By Starla Ringer, RT(R)
“Public speaking” might be one of the scariest word combinations out there for most people, including me. Yet, I eagerly agreed to give a presentation at this year’s Annual Meeting in Orlando. Before the meeting, I immediately asked myself, “How could I possibly be able to speak in front a crowd of peers, especially those with far more experience and knowledge than me?” Yes, I had Brenda DeBastiani as a co-presenter and an appealing title (Why do smart people do dumb sh*t?), but I still wondered if I would be able to deliver a presentation that left those who attended feeling like they had learned something new and valuable.
However, while preparing for my speech, I realized that I wasn’t going to present to a bunch of strangers with more knowledge and experience, but I was going to do it in front of my radiology family. I couldn’t believe the outpouring of support prior to my presentation, with old friends and new friends offering words of aid and encouragement.
They say that growth comes only at the end of your comfort zone, and that couldn’t be any farther from the truth. After my presentation, I learned that I could do anything I put my mind to. I stepped way out of my comfort zone and couldn’t be more proud of myself for doing it.

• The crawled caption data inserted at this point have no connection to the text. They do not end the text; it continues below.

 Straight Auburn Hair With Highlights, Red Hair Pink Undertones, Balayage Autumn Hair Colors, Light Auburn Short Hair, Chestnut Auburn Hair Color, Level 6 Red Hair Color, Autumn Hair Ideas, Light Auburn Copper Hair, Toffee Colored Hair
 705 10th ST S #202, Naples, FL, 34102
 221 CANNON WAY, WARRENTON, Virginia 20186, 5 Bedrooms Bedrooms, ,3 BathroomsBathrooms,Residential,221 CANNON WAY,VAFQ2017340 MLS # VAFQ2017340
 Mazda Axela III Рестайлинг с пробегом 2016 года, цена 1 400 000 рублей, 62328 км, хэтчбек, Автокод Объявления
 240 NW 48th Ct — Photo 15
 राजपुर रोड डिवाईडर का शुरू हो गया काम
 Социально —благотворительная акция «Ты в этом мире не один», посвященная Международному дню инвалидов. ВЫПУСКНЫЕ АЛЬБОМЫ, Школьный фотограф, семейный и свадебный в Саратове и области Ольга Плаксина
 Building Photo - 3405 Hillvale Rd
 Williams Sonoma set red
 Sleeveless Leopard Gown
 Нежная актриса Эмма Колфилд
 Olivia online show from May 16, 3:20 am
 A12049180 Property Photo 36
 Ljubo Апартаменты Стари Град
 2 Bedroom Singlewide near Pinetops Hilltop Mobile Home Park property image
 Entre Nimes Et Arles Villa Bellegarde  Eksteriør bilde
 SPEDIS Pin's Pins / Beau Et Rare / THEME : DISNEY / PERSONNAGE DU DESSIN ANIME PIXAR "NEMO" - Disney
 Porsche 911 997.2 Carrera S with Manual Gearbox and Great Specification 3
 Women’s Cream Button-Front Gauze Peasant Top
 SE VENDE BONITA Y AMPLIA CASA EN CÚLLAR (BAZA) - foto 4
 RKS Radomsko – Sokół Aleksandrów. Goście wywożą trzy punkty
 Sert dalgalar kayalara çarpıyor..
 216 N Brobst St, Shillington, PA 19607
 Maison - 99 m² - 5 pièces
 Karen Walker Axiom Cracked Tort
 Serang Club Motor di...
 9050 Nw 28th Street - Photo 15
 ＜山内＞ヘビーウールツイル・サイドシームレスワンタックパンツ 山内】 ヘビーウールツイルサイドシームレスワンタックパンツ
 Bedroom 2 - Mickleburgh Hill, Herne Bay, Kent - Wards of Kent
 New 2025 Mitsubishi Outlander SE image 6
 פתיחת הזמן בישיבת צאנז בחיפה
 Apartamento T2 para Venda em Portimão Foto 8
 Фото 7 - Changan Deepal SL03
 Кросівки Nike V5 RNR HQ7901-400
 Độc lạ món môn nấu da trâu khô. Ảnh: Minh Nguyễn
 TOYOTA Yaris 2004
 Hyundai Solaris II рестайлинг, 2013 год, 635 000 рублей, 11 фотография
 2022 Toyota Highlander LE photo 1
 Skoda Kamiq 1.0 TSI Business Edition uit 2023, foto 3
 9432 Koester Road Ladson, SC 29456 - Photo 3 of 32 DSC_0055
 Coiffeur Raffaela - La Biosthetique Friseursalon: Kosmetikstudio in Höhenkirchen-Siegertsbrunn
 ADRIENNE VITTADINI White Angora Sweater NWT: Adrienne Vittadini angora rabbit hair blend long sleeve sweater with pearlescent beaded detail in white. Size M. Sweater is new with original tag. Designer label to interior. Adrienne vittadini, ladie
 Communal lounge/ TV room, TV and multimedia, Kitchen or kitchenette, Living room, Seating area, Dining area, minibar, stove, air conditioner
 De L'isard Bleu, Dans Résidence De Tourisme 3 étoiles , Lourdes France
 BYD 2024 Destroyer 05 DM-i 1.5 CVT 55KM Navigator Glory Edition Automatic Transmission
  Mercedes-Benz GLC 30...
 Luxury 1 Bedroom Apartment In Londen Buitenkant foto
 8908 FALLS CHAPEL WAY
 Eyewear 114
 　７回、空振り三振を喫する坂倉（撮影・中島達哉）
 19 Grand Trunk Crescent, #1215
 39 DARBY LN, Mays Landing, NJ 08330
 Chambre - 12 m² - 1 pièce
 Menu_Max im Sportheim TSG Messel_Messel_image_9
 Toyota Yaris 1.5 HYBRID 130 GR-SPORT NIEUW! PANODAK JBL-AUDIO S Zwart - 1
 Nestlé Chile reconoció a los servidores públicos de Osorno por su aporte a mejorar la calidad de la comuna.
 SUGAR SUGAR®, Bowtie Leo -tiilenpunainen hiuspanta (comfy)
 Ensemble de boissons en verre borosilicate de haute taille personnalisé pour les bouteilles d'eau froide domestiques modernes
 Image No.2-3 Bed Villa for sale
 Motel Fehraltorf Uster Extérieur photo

I also wasn’t prepared for the feedback I received after my presentation. The amount of people that took the time to offer praise, share their own stories, and even offer some valuable constructive criticism was astounding. The outpouring of support stretched throughout the whole week, from fellow attendee Jenna Hulscher writing about the presentation in Convention Daily, to having several individuals tell me that they may give a presentation next year because I inspired them to do so. Those words were very powerful and heartwarming! I hope they all stick to their plans, because it is an experience that is unforgettable and rewarding. If you have doubts about being able to present- don’t! You can do it!
As for me, I plan to keep growing. I want to use this experience and motivation from the conference to keep moving ahead, and to keep doing things that make me grow (like writing this article), or to take any other opportunity that may come my way.